Employer-sponsored plans are powerful retirement tools and boast specific requirements regarding required minimum distributions and tax treatment that vary depending on the type of account. But soon your 403(b) may resemble the more-common 401(k). If you have a 403(b) retirement plan, you might need to change how you’ve planned for retirement and how your plan beneficiaries will receive their funds. Here’s what you need to know:
In accordance with the Setting Every Community Up for Retirement Enhancement (SECURE) Act of 2019, the IRS is proposing updates to the existing retirement plan code that governs required minimum distributions (RMDs).
Currently, 403(b) plans are still treated differently from 401(k) plans, with provisions that trigger special exemptions for the non-profit and service-sector organizations that sponsor these plans for their employees. The IRS historically treated 403(b) plans like individual retirement accounts (IRAs), not requiring account holders to withdraw all their funds over their lifetime and allowing savers to invest in a wide variety of financial products with tax-deferred dollars. However, with changes ushered in by the SECURE Act, both 401(k) plans and IRAs now require the participant to take minimum required distributions by age 72. Roth IRAs continue to be an exception.

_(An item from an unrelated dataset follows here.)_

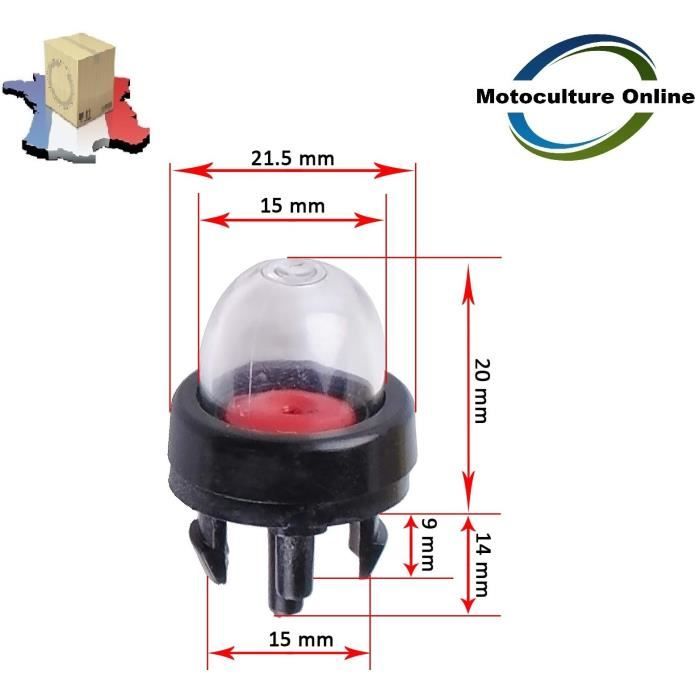 GT GARDEN - Guide 10 Pouces (26 Cm) Avec Chaîne 40 Maillons Pour Tronçonneuse élagueuse 25 Cm3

In order to make 403(b) plans more like the other defined contribution plans, the IRS is proposing a new requirement: starting age 72, or upon retirement, account holders will be required to take minimum distributions based on published life expectancy guidelines. If the account owner passes away before the funds are fully distributed, the beneficiary must take all the funds within 10 years of the owner’s passing.
To align 403(b) plans with other employer-sponsored and individual retirement plans, the IRS is proposing changes to rules governing RMDs. Going forward, any non-profit sponsoring a 403(b) plan for their employees must take RMDs or risk employees paying a hefty tax penalty on the balance not withdrawn.

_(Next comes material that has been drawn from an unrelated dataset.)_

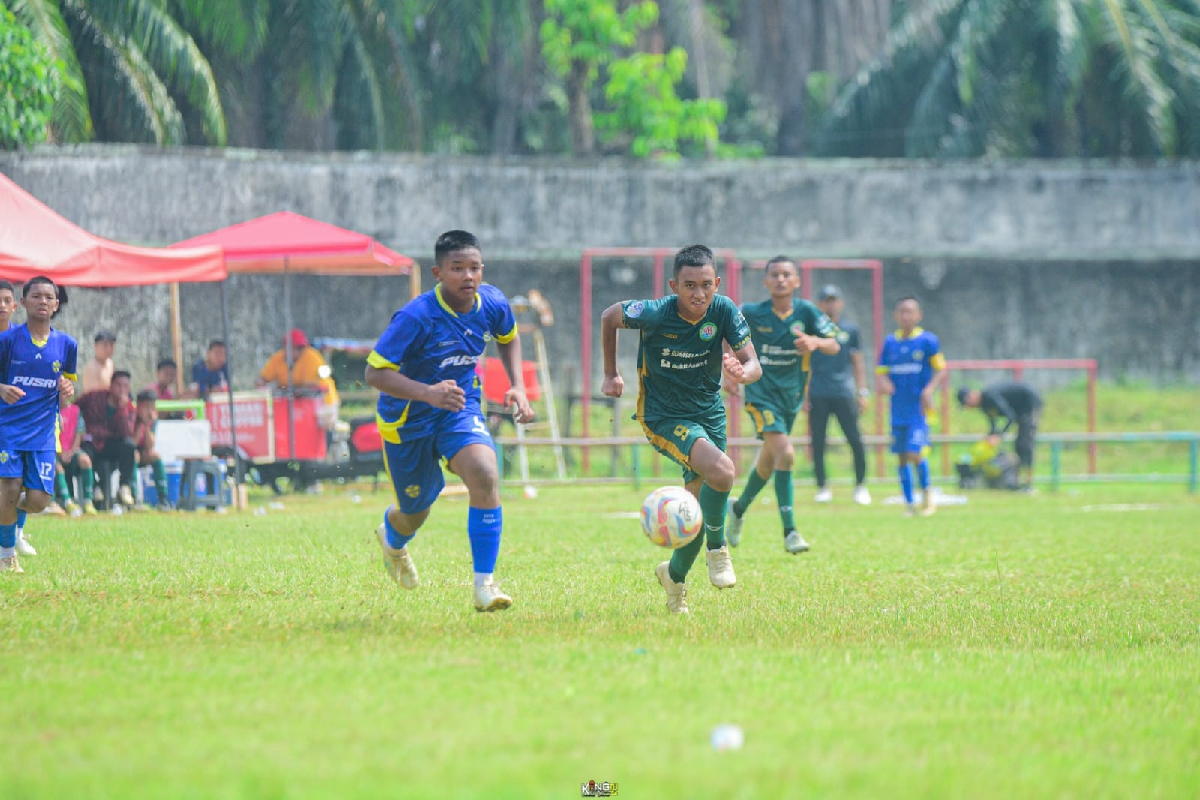 PS Palembang U-15 Pastikan Tiket Semifinal Piala Gubernur Sumsel 2026, Abqory Sheva Alfiano Borong 7 Gol dalam Dua Laga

The National Law Review notes that the proposed changes appear to pose both administrative and legal challenges. 403(b) plans can be invested in a variety of funds, including both group and individual annuity contracts, and so the requirement to take RMDs could create contractual issues.

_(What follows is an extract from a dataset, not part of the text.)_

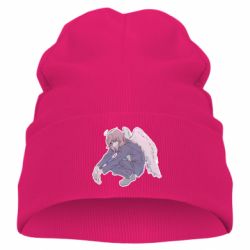 Детская шапка Демон Ангела - PrintSalon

For example, employers are not involved in the administration of individual 403(b) contracts, and so their ability to take RMDs would be substantially limited, potentially violating the new rule from the very beginning. Even more unclear, in order to partake in safe harbor exemptions, regulation limits employer involvement in retirement plans to specific activities. If the proposed IRS rule goes into effect and employers must then actively negotiate with providers to administer RMDs for participants, this could be a violation of those requirements and inadvertently subject employers to regulation and reporting from which they were previously exempt.
As a result, employees may not know if or when they may be required to take distributions from their 403(b) plans. The IRS directs plan sponsors to administer RMDs, but ultimately it is the participant’s responsibility to ensure accurate and timely withdrawals. If the participants do not take distributions as required, they may end up owing as much as 50% of their calculated RMD in taxes.
Bottom line for 403(b) plan holders
The IRS is proposing a new rule to require 403(b) plan participants to take RMDs. The proposed changes may cause administrative and legal difficulties, especially with regard to ERISA-exempt regulations. Penalties for failing to take RMDs can be harsh, so understanding what rules apply to you as a 403(b) plan participant is important.